** Task goal **
Would you return each entry exactly as written, omitting any pictures?

Stored data entries:
┄┄┄┄┄┄┄┄┄┄┄┄┄┄┄┄┄┄┄┄

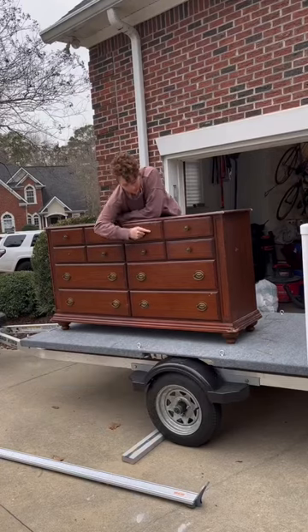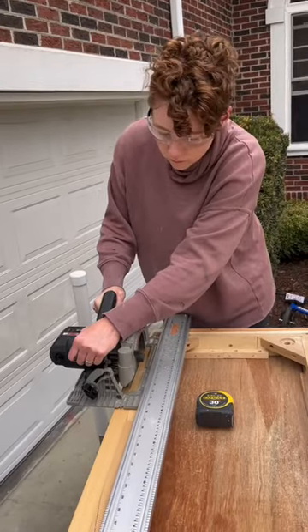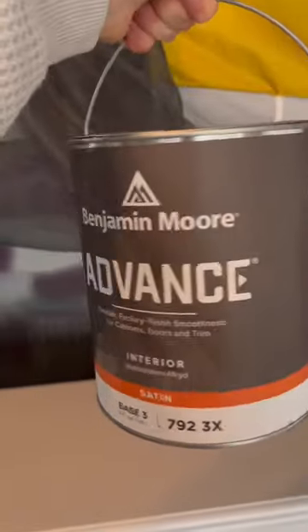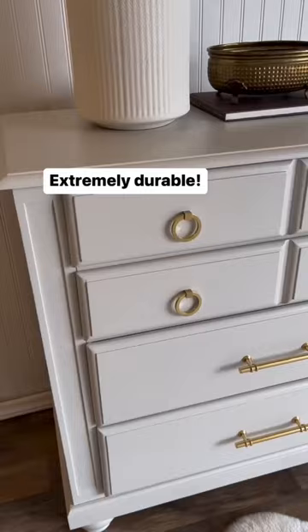This is my second time using Benjamin Moore Advanced Paint, and oh my goodness, I am sold. I ended up chopping off the base of this dresser because of the damage. Then I sprayed this on, and it is the smoothest, most beautiful finish I've ever gotten with any paint that I've sprayed before.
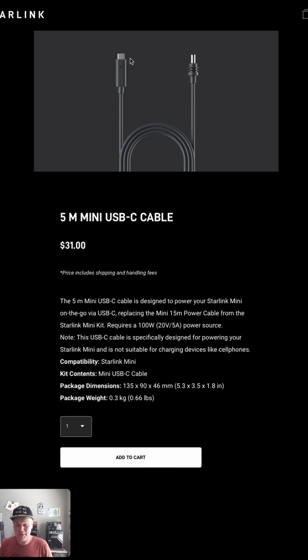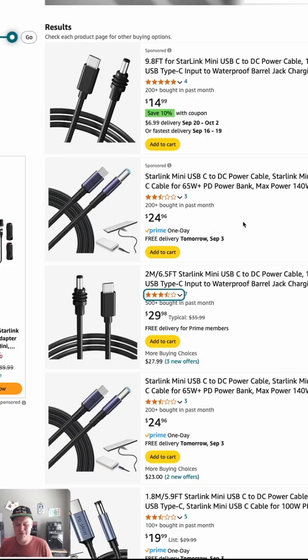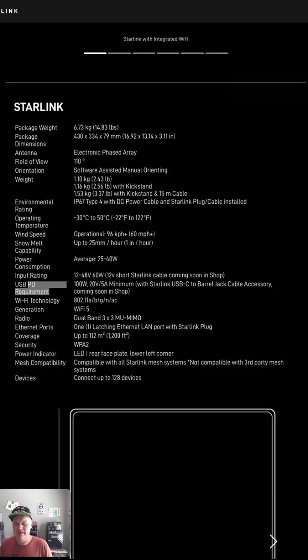If you're wondering why that matters — if you look on Amazon right now, there are lots of USB-C to barrel jack cables for Starlink, and they all have really horrible reviews. I don't know exactly why; some of these might work. But there's a requirement on the Starlink Mini spec page on the Starlink site that says it must support the Power Delivery standard, and this accessory was listed as coming soon. This is that accessory — it is now available.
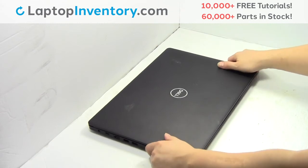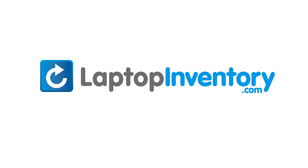That's all. You just installed your Wi-Fi card. LaptopInventory.com, your source for laptop parts.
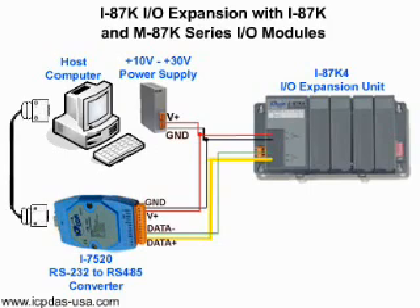Connect the RS-232 serial cable to the I-7520. Connect data plus and data minus of the I-7520 to the data plus and data minus of the I-87K I/O expansion unit. Connect the power as indicated in the diagram.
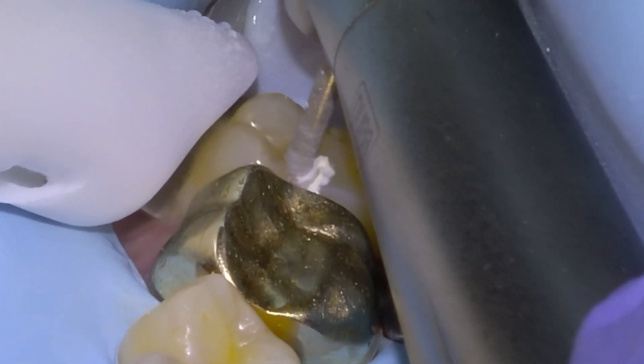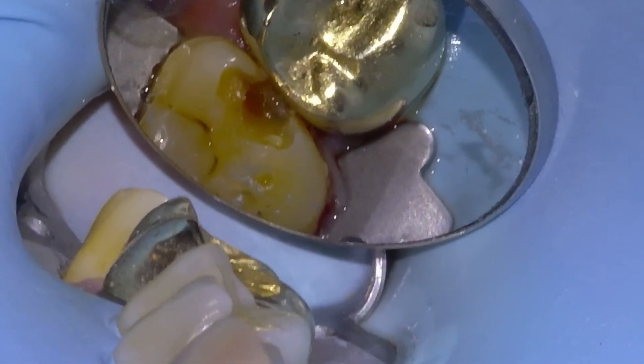We'll get opening up the tooth with a KS1 burr on a high speed. You can see some tooth decay in there. They're not going to be too deep though, but we'll open up the contacts here, opening up the lingual and the buccal until we can see daylight.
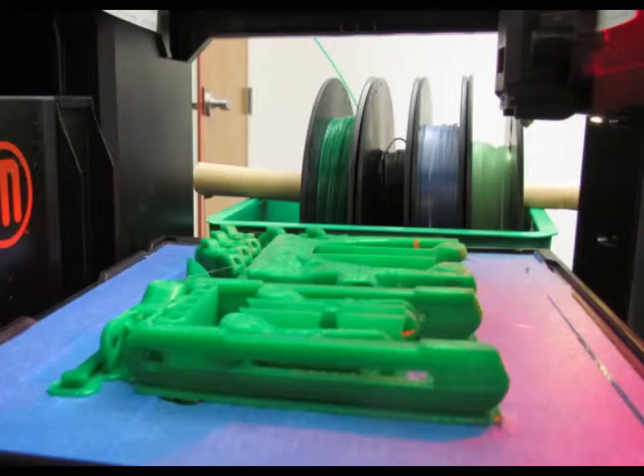So the first step, of course, is to print out the 3D parts. Now, we didn't have a 3D printer here, so we got someone else to print it for us. And the process looks like this.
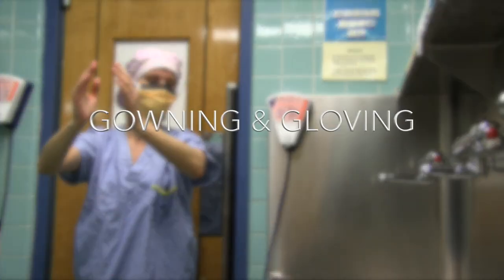Hi, so now that you know how to scrub, you now need to learn how to gown and glove without contaminating yourself or the surgical field. Gowning and Gloving.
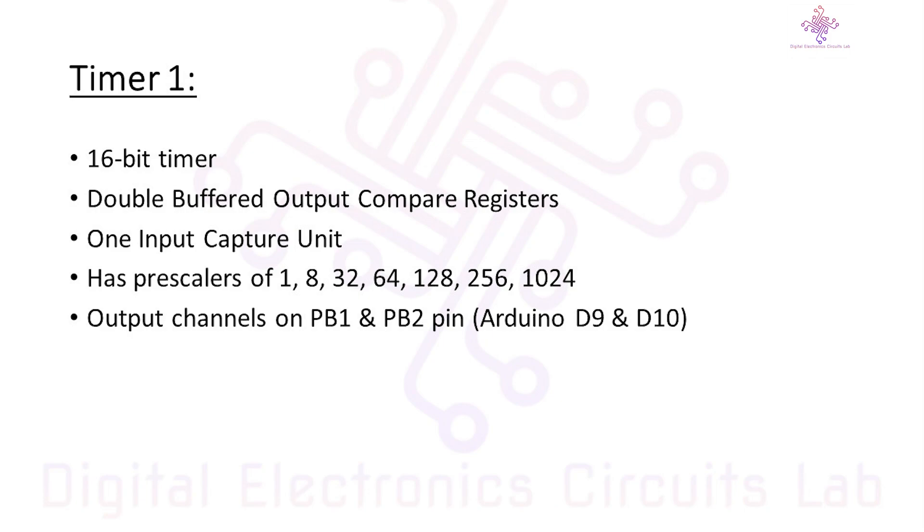This makes Timer1 perfect for tasks like generating accurate time delays, measuring time intervals, or creating precise pulse width modulation signals. In real-world applications, Timer1 can help you control the timing of events — for instance, creating precise intervals for triggering sensors or smoothly controlling the speed of a motor. You can configure it by setting the appropriate registers and adjusting the prescalers to achieve the desired timing accuracy.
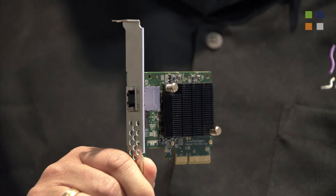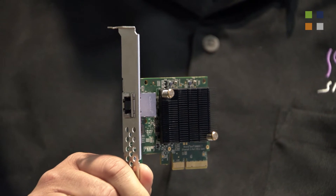For those who want a PCIe card with the same 10 gigabit technology, it's $99 in a single port PCIe card.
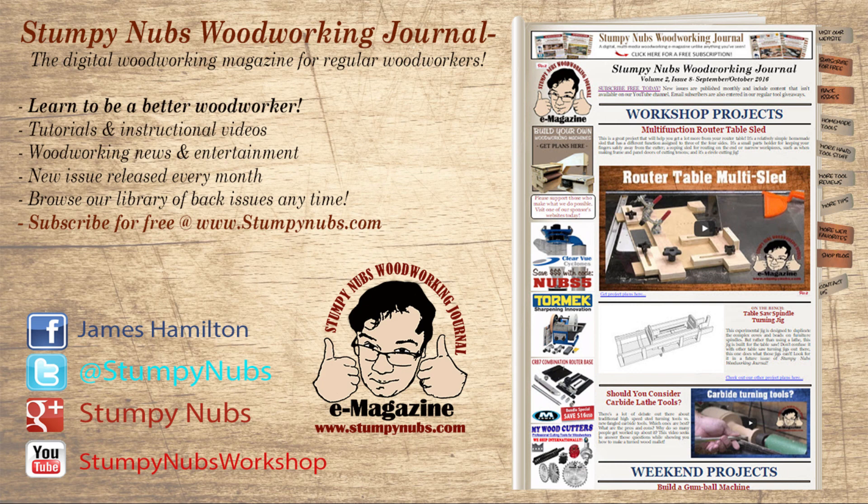Thank you as always for looking in. Please subscribe to our videos below if you aren't already a subscriber and join the thousands who already have. Please check out the online magazine too over at StumpyNubs.com.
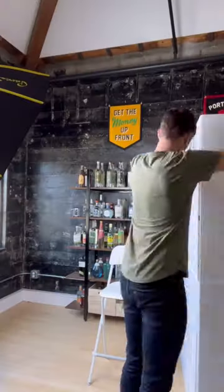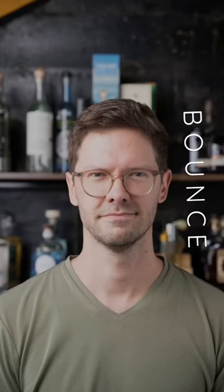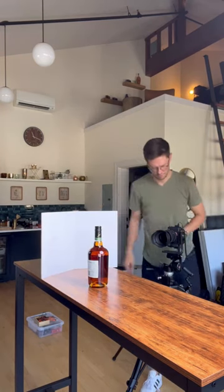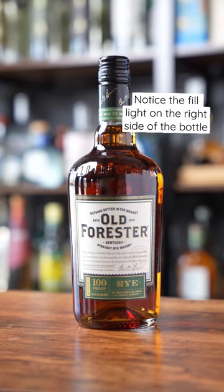One side's white, one side's black. So you could use the light side as a bounce for adding light like this, or you could use the black side as a flag which absorbs light for a moodier look like this. They also make smaller sizes for tabletop and product photography, and I truly use these every day for food and drink photos.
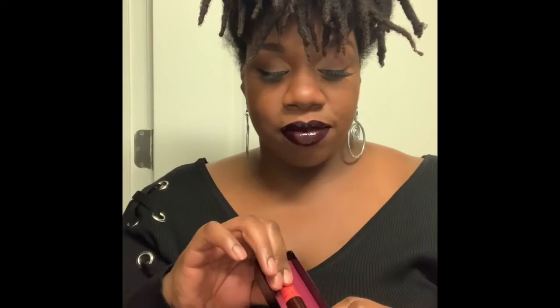Hi, welcome to my channel. I'm Leigh Jo. I'm glad you decided to join me today. This gloss is everything. I've seen it online. It took me forever to purchase it, but I finally got it. The Fumi Gloss by Juvia's Place — this thing is life. I like how it comes in its own little package. This is so nice. It is amazing.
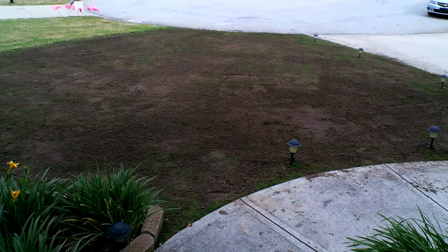Besides a level lawn, you're going to need to consider reel mowing. Most homeowners are not going to go and spend fifteen hundred dollars on a reel mower — that is way out of the budget.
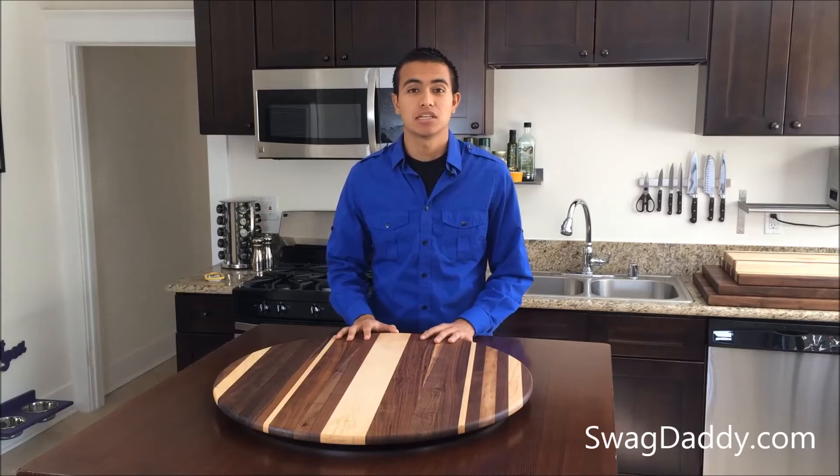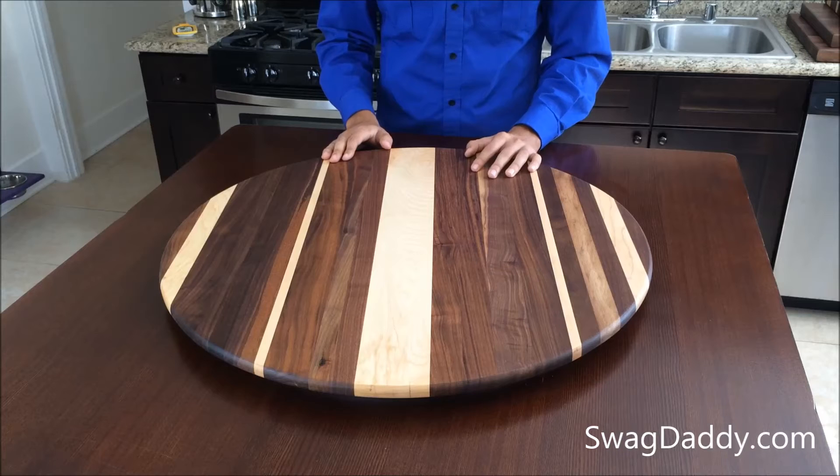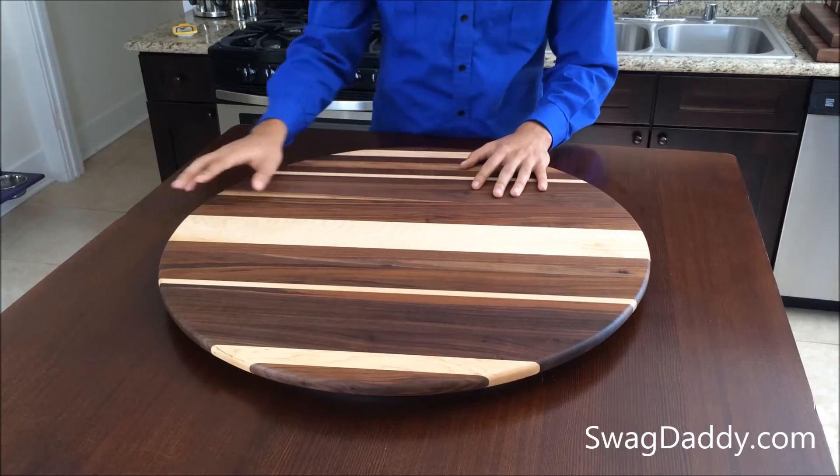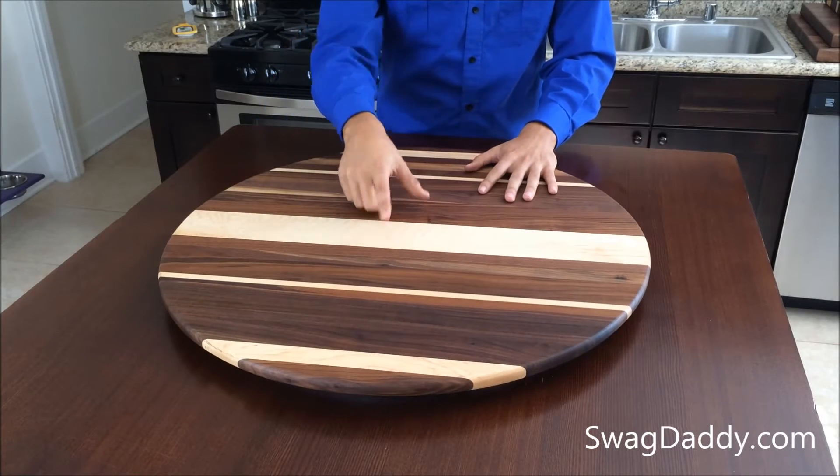Hi, I'm Robert with Swag Dad, and today we're going to take a look at the Troops BBQ Lazy Susan. The Lazy Susan easily rotates. It's about 26 inches in diameter, and it features maple and walnut wood.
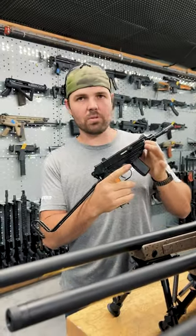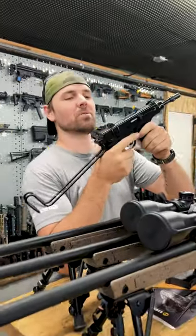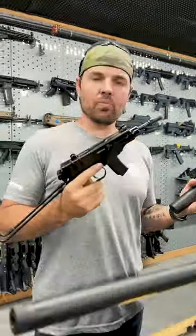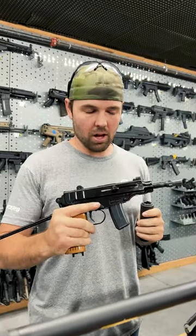Here we have the VZ61 Scorpion, made in Czechoslovakia. Most recognizable from the N64 game GoldenEye as the Klobb.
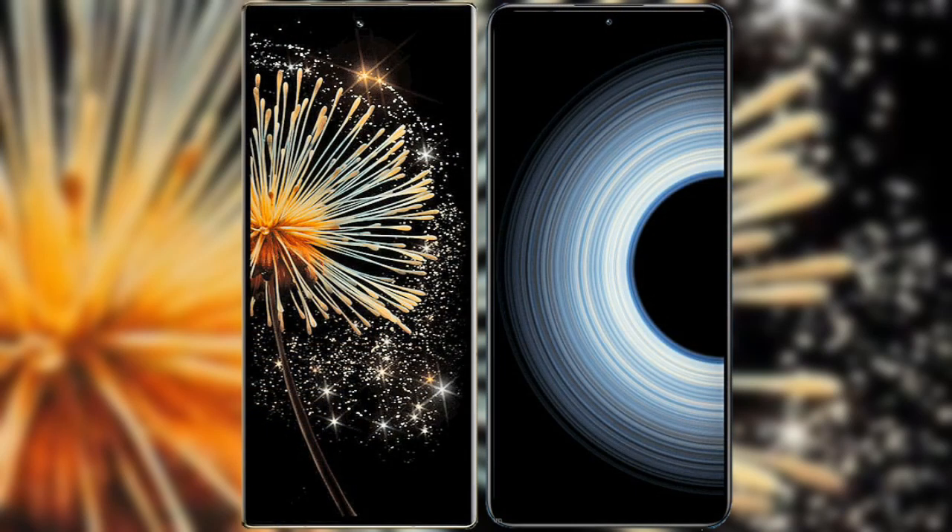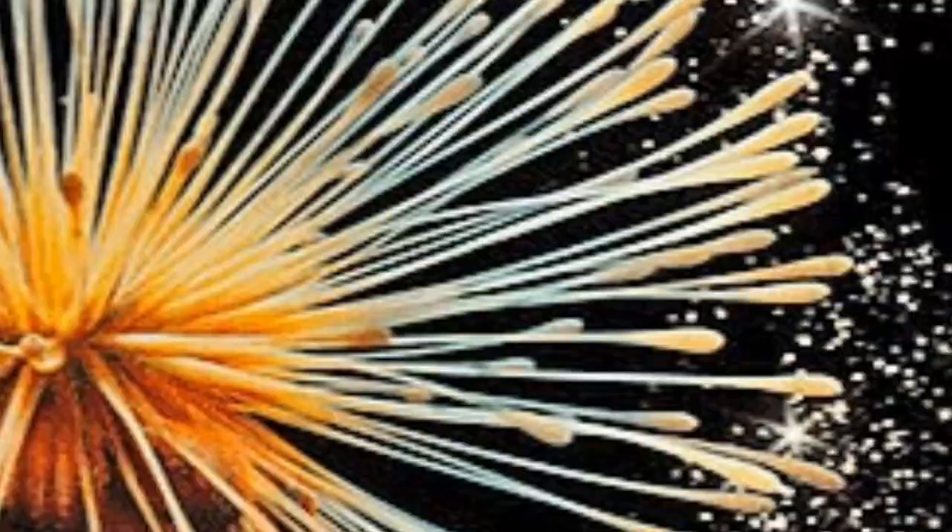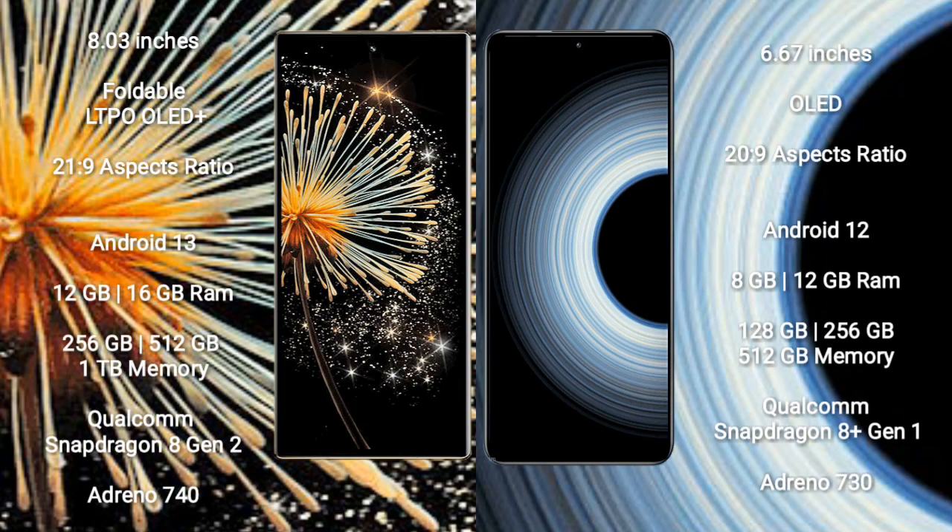I will compare the new Xiaomi Mix Fold 3 with Redmi K50 Ultra. Xiaomi Mix Fold 3 comes with an 8-inch foldable LTPO OLED display and aspect ratio of 21:9. Redmi K50 Ultra has a 6.67-inch OLED display with aspect ratio of 20:9.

┄┄┄┄┄┄┄┄┄┄┄┄┄┄┄┄┄┄┄┄

** Answer area **
This is my second time using Benjamin Moore Advanced Paint, and oh my goodness, I am sold. I ended up chopping off the base of this dresser because of the damage. Then I sprayed this on, and it is the smoothest, most beautiful finish I've ever gotten with any paint that I've sprayed before.
If you're wondering why that matters — if you look on Amazon right now, there are lots of USB-C to barrel jack cables for Starlink, and they all have really horrible reviews. I don't know exactly why; some of these might work. But there's a requirement on the Starlink Mini spec page on the Starlink site that says it must support the Power Delivery standard, and this accessory was listed as coming soon. This is that accessory — it is now available.
That's all. You just installed your Wi-Fi card. LaptopInventory.com, your source for laptop parts.
Connect the RS-232 serial cable to the I-7520. Connect data plus and data minus of the I-7520 to the data plus and data minus of the I-87K I/O expansion unit. Connect the power as indicated in the diagram.
We'll get opening up the tooth with a KS1 burr on a high speed. You can see some tooth decay in there. They're not going to be too deep though, but we'll open up the contacts here, opening up the lingual and the buccal until we can see daylight.
So the first step, of course, is to print out the 3D parts. Now, we didn't have a 3D printer here, so we got someone else to print it for us. And the process looks like this.
Hi, so now that you know how to scrub, you now need to learn how to gown and glove without contaminating yourself or the surgical field. Gowning and Gloving.
This makes Timer1 perfect for tasks like generating accurate time delays, measuring time intervals, or creating precise pulse width modulation signals. In real-world applications, Timer1 can help you control the timing of events — for instance, creating precise intervals for triggering sensors or smoothly controlling the speed of a motor. You can configure it by setting the appropriate registers and adjusting the prescalers to achieve the desired timing accuracy.
For those who want a PCIe card with the same 10 gigabit technology, it's $99 in a single port PCIe card.
Thank you as always for looking in. Please subscribe to our videos below if you aren't already a subscriber and join the thousands who already have. Please check out the online magazine too over at StumpyNubs.com.
One side's white, one side's black. So you could use the light side as a bounce for adding light like this, or you could use the black side as a flag which absorbs light for a moodier look like this. They also make smaller sizes for tabletop and product photography, and I truly use these every day for food and drink photos.
Hi, welcome to my channel. I'm Leigh Jo. I'm glad you decided to join me today. This gloss is everything. I've seen it online. It took me forever to purchase it, but I finally got it. The Fumi Gloss by Juvia's Place — this thing is life. I like how it comes in its own little package. This is so nice. It is amazing.
Besides a level lawn, you're going to need to consider reel mowing. Most homeowners are not going to go and spend fifteen hundred dollars on a reel mower — that is way out of the budget.
Hi, I'm Robert with Swag Dad, and today we're going to take a look at the Troops BBQ Lazy Susan. The Lazy Susan easily rotates. It's about 26 inches in diameter, and it features maple and walnut wood.
Here we have the VZ61 Scorpion, made in Czechoslovakia. Most recognizable from the N64 game GoldenEye as the Klobb.
I will compare the new Xiaomi Mix Fold 3 with Redmi K50 Ultra. Xiaomi Mix Fold 3 comes with an 8-inch foldable LTPO OLED display and aspect ratio of 21:9. Redmi K50 Ultra has a 6.67-inch OLED display with aspect ratio of 20:9.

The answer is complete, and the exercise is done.